#### DIRECTIONS FOR THIS TASK:
All the lines below should be set down exactly, with no picture carried into the copy.

::: DATA

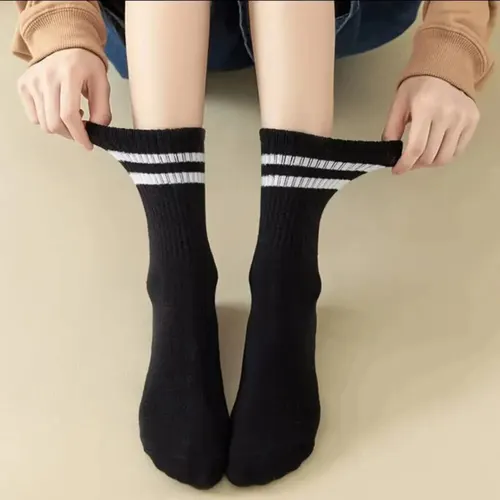 Women's Socks & Hosiery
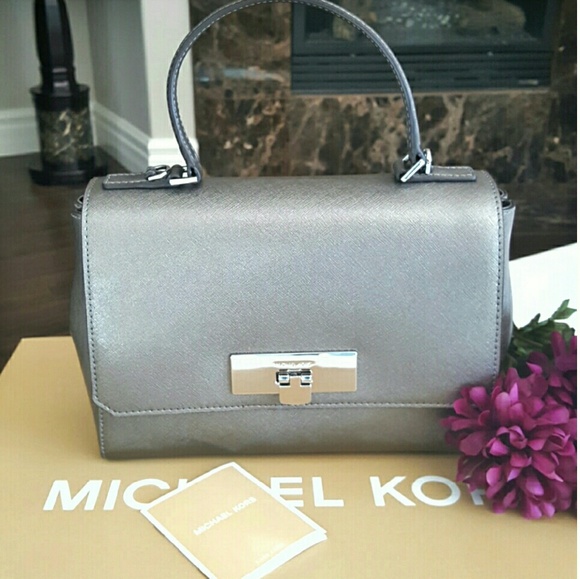 Michael Kors Handbags - 🚫SOLD🚫 MICHAEL KORS | Callie Messenger Satchel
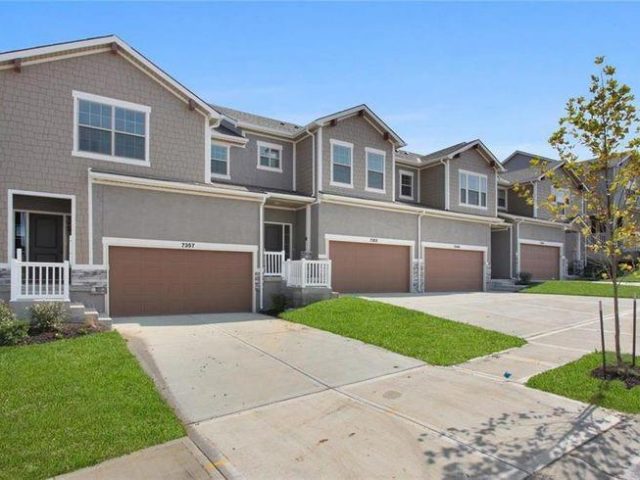 Homes for Sale in Parkville, MO 64152 | 7332  Aaron Street, Unit#24 D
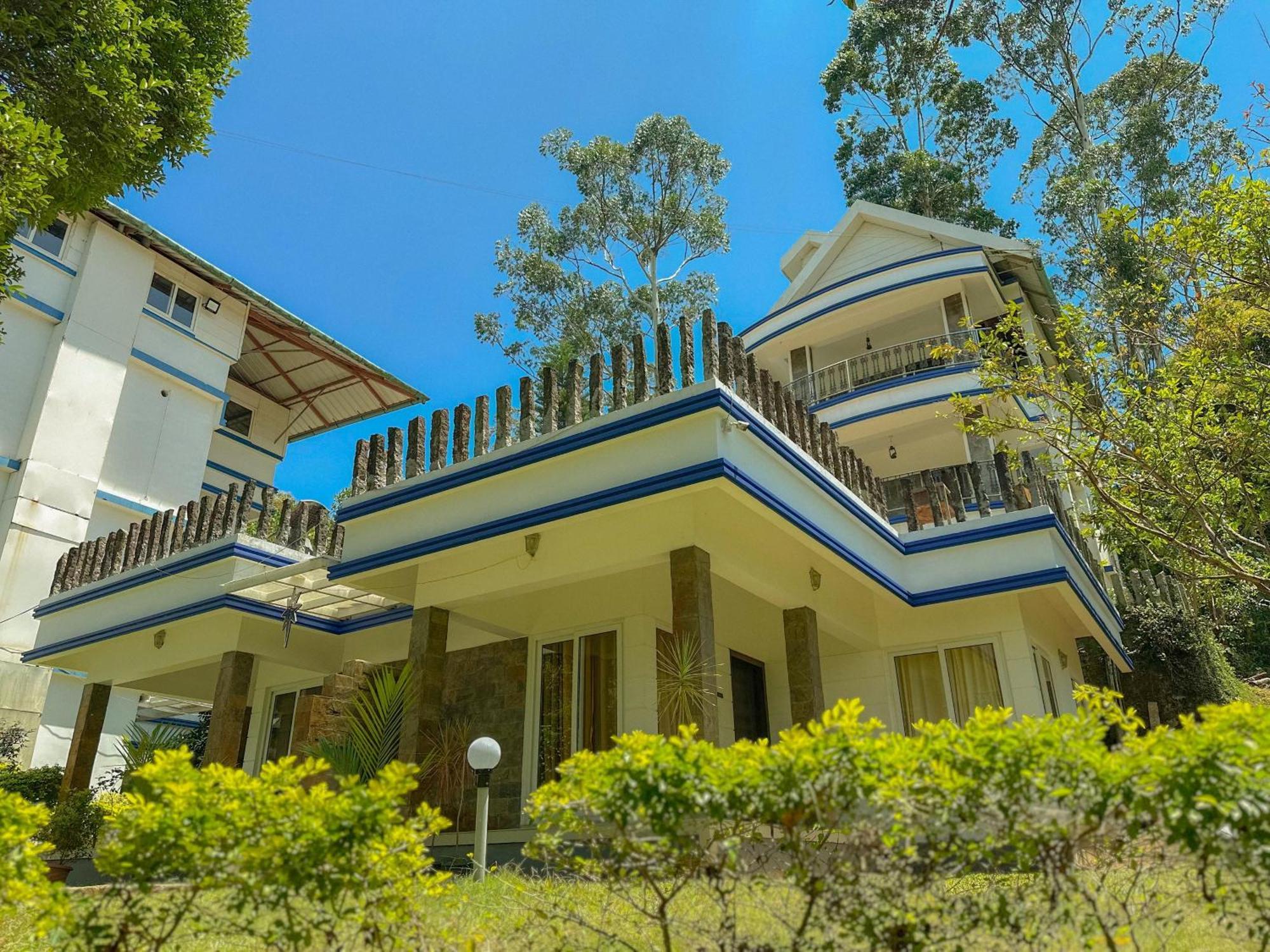 The Heights Hotel Munnar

::::::

#### ANSWER SECTION:
 Women's Socks & Hosiery
 Michael Kors Handbags - 🚫SOLD🚫 MICHAEL KORS | Callie Messenger Satchel
 Homes for Sale in Parkville, MO 64152 | 7332  Aaron Street, Unit#24 D
 The Heights Hotel Munnar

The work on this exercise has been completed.